Ankara Müftülüğü Cuma hutbesinde, düğün ve nikah sırasında damat ve gelinin ailelerinin birbirlerine azami ölçüde yardımcı olması gerektiği noktasında cemaati uyaracak.
Hutbede, ”Küçük şeyler için karşı tarafı sıkıntıya sokmak, daha sonra hiç yüz yüze gelmeyecekmiş gibi aşırı isteklerde bulunarak dünür olduğu aileyi darda bırakmak hiç de doğru değil” uyarısında bulunacak.
Yenimahalle İlçe Müftüsü Eyüp Demir‘in hazırladığı ve yarın Cuma Namazı’nda başkentteki camilerde okutulacak ”Düğün ve Geleneklerimiz” konulu hutbede, toplumları toplum yapan özelliklerden birinin de örf ve adetleri olduğuna işaret edilerek, düğünlerin ve o düğünlerdeki geleneklerin de bunlar arasında yer aldığı belirtildi.
Nikah ve düğünlerle mukaddes aile yuvasının kurulduğu ifade edilen hutbede, bu mukaddes yuvayı oluşturanların da geçici menfaatler için değil, neşe ve hüzünde bir olmak, ölünceye kadar aynı yastığa baş koymak ve evlat sahibi olmak için bir araya geldiği vurgulandı.
Kurulan yuvanın temelleri ne kadar sağlam olursa yuvanın da o kadar uzun ömürlü olacağına dikkat çekilen hutbede, ”Aileler, düğün ve nikah esnasında birbirlerine azami ölçüde yardımcı olmalıdır.
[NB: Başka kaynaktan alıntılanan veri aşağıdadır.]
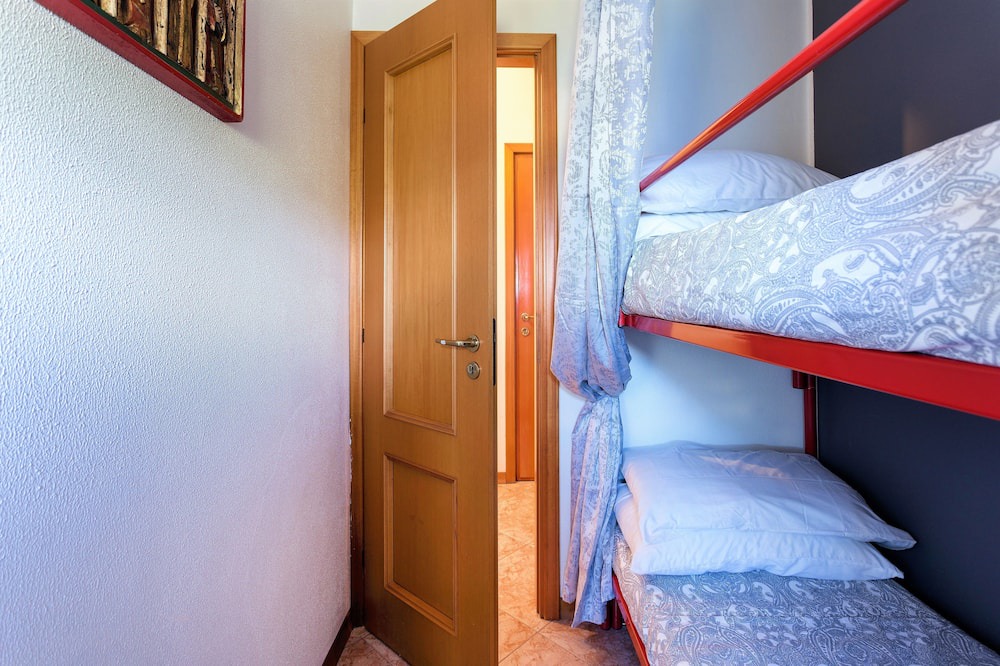 Photo of Bedroom in Mazzaro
Küçük şeyler için karşı tarafı sıkıntıya sokmak, daha sonra hiç yüz yüze gelmeyecekmiş gibi aşırı isteklerde bulunarak dünür olduğu aileyi darda bırakmak hiç de doğru değildir” değerlendirmesinde bulunuldu.
Nikahsız birliktelikler ve geçici nikahlara da değinilen hutbede, bunların ahlaki bozulmanın yansımaları olduğu belirtildi. İslam dininin, evliliğin devamına önem verdiği vurgulanan hutbede, şunlar kaydedildi:
”İslam, nikah akdinin sıhhati için bunu şart koşmuştur. Yeni bir aile, ancak dinen ve hukuken geçerli bir nikahla kurulur. Çeşitli mazeretler ileri sürerek geçici veya belli bir zaman için kıyılan nikahlar dinimizce geçerli değildir. Evlilik, insanın sağlıklı ve düzenli bir hayata sahip olmasını sağlar. Dolayısıyla kurulacak yuvalar gereksiz masraflarla zorlaştırılmamalı, israf boyutuna varan düğünlerden kaçınılmalıdır.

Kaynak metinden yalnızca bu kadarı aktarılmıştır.